Podcast Summary: At Work with The Ready
Episode: AUA: Your Team Isn't Ready For Your Future
Date: November 24, 2025
Hosts: Rodney Evans & Sam Spurlin
Overview of the Episode
In this Ask Us Anything (AUA) mini-episode, hosts Rodney Evans and Sam Spurlin tackle a heady challenge submitted by a listener:
"How do I bring people with me when I'm already operating a few years ahead—without softening what I see or being perceived as a threat?"
The conversation centers on the struggles of being ahead of your peers or team in terms of vision and strategy, and how to responsibly bridge that gap without alienating others or getting frustrated.
Key Discussion Points & Insights
1. Resist “Thought Leadership”; Show, Don’t Tell
- Sam warns against adopting an overt “thought leader” persona, especially inside your own organization. He suggests focusing less on “telling” people about the future and more on “showing” them through tangible experiments and actions.
- Quote (00:33):
"Resist the urge to thought lead. …I would encourage you to shift from telling to showing. If you are living in the future, what are some ways that you can show people that and help them experience that little taste of the future as well, without even necessarily being super explicit about it?"
— Sam Spurlin
2. Translate Future Visions into Present Actions
- Rodney agrees, highlighting the importance of holding your long-term hypotheses and translating them into immediate, actionable ideas for your context.
- It’s crucial to use your foresight to inform what’s relevant now, rather than persuading everyone to jump to your timeline.
- Quote (01:59):
“Your responsibility then is to translate that to what it means now, not try to convince people to share your vision of what a few years from now looks like. ...My job right now isn't to convince everybody that I work with that that's what's going to happen… My job right now is to hold a hypothesis about the future, test a component of it or the very early, early signals of it in the present, and keep those things in a feedback loop...”
— Rodney Evans
3. Meet People Where They Are; Recognize Their Journey
- Sam emphasizes that others can’t simply leap to your position—they need to experience steps for themselves.
- A leader ahead of their team should aid others’ journey by reducing the cycle time for learning and experimentation, letting them take “the next step,” even if it seems basic to you.
- Quote (04:07):
"How did one get into the future? You know, you took steps and you ended up now where you are... It can be frustrating to kind of look back and say...now in one big step, you all join me here. But that's not how people experience it. They have to go on their own journey into the future."
— Sam Spurlin
4. Seek Out Your Own Future-Focused Community
- Rodney advises connecting with peers (possibly outside your org) who can speak to the same time horizon, so you aren’t left feeling alone or frustrated.
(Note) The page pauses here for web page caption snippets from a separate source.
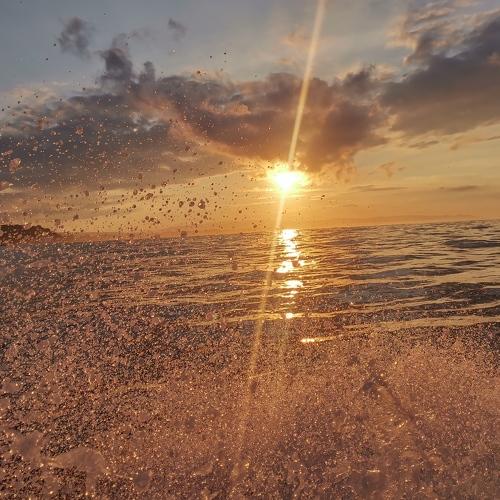 Amanecer en el mar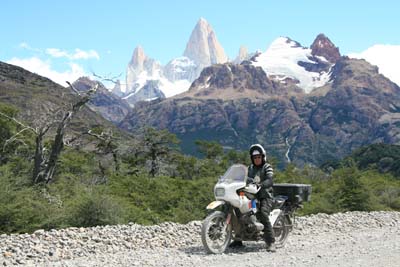 33RoadToLagoDelDesiertoandFitzroyRange.jpg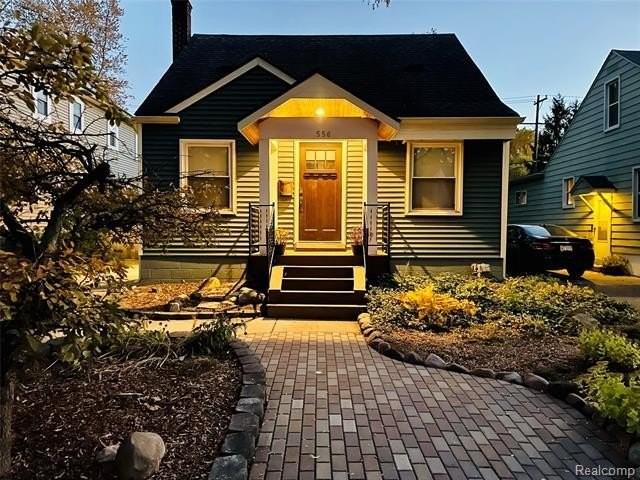 556 Bird Ave - Photo 2 of 23
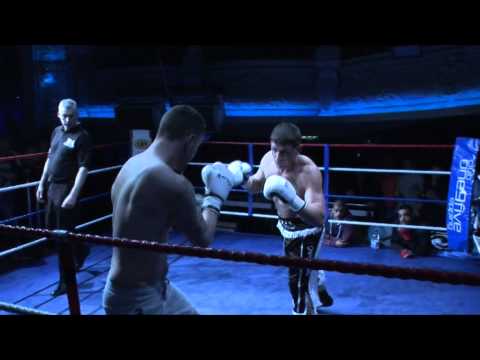 IBA Essex - Owen Stone v Barry Clark - Ist Round Knockout!
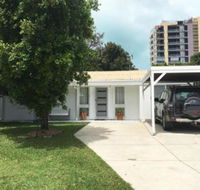 Coral Cottage 93 Taylor Ave Golden Beach - Accommodation Sunshine Coast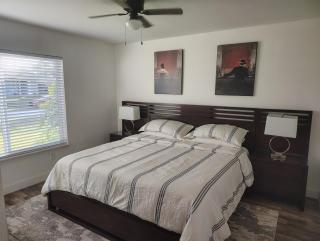 That cute house on Emerald! - 3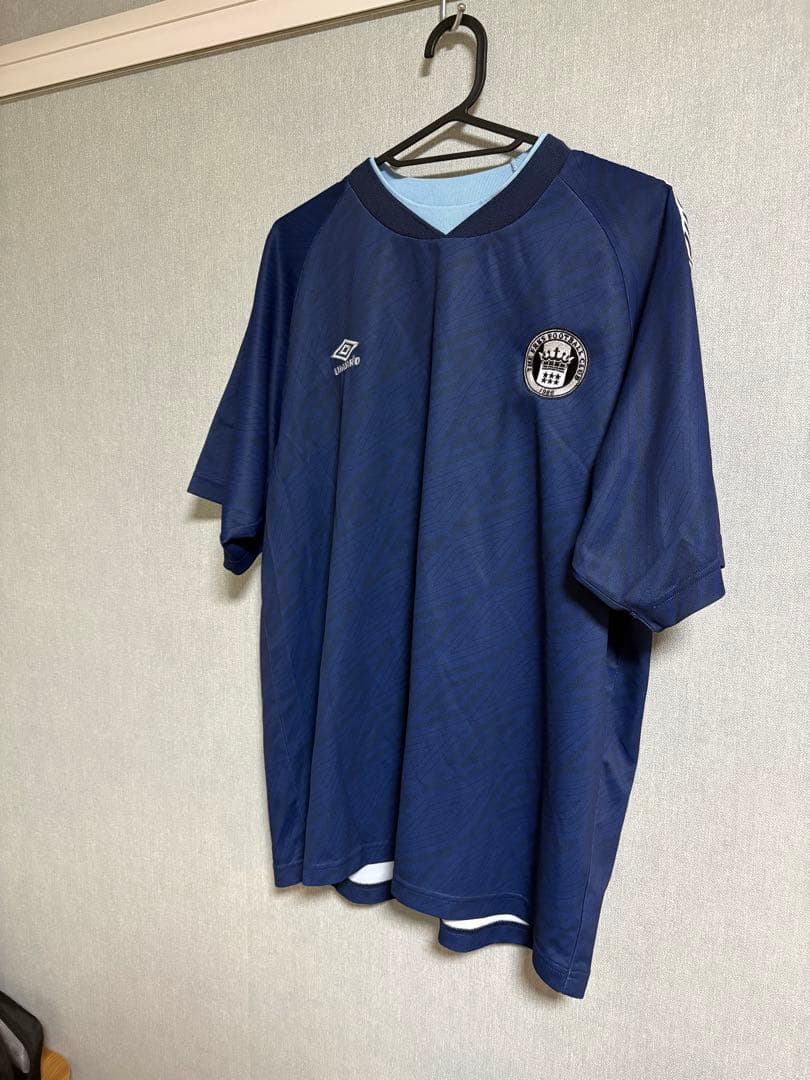Umbro ネイビー ラグランスリーブシャツ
- Don’t burden your colleagues with your futuristic ideas if they aren’t ready or interested; instead, nurture that part of yourself through other channels.
- Quote (04:56):
"Find your people to talk to about that...the way not to do that is to make my clients have that conversation with me because they don't want to. … I also just think carving out a space for yourself so that whatever futurist domain is particularly compelling to you, you have a network or just three or four like-minded people that you can sort of go like, 'this is what I'm seeing. Is this what you're seeing'..."
— Rodney Evans
Notable Quotes & Memorable Moments
-
On resisting the urge to go full “thought leader”:
“…it is really easy to kind of wear out your welcome if you kind of adopt this thought leadership persona, especially internal organization.”
— Sam Spurlin (00:38) -
On patience and a feedback loop:
“All of us who live in the future would love to be able to just like snap our fingers and have whole organizations be like, she's right, I see it now. …But that's not how human beings are and how they work.”
— Rodney Evans (02:45) -
On not trying to hurry others:
“Even though it's not going to feel like the future to you, but it is to them...then that's how you accelerate people to bring them into what you're seeing.”
— Sam Spurlin (04:36) -
On self-care for forward thinkers:
“Just because it's not easy to integrate into your present context doesn't mean you shouldn't feed it. You just might have to feed it somewhere else.”
— Rodney Evans (05:46)
Important Timestamps
- 00:33 — Sam on shifting from telling to showing
- 01:59 — Rodney on translating future vision into now
- 04:07 — Sam on the journey to the future and helping others accelerate their path
- 04:56 — Rodney on finding your ‘future’ people outside your immediate context
Tone & Approach
The hosts maintain a candid, empathic tone—balancing practical advice with an understanding of the frustrations felt by “future-oriented” team members. Both hosts emphasize humility, patience, and the value of indirect influence over hard persuasion.
Summary Takeaways
- Don’t try to “convince” people to see what you see about the future; experiment in the present and let others experience it.
- Translate your big ideas into actionable, relevant steps for your current organizational context.
- Recognize that others need to travel their own road toward the future—help them by clarifying and shortening their next steps.
- Find or build your own community of forward-thinking peers to keep yourself inspired and sane.
- Keep your futuristic edge alive, but don’t burden others—or yourself—by expecting universal buy-in before people are ready.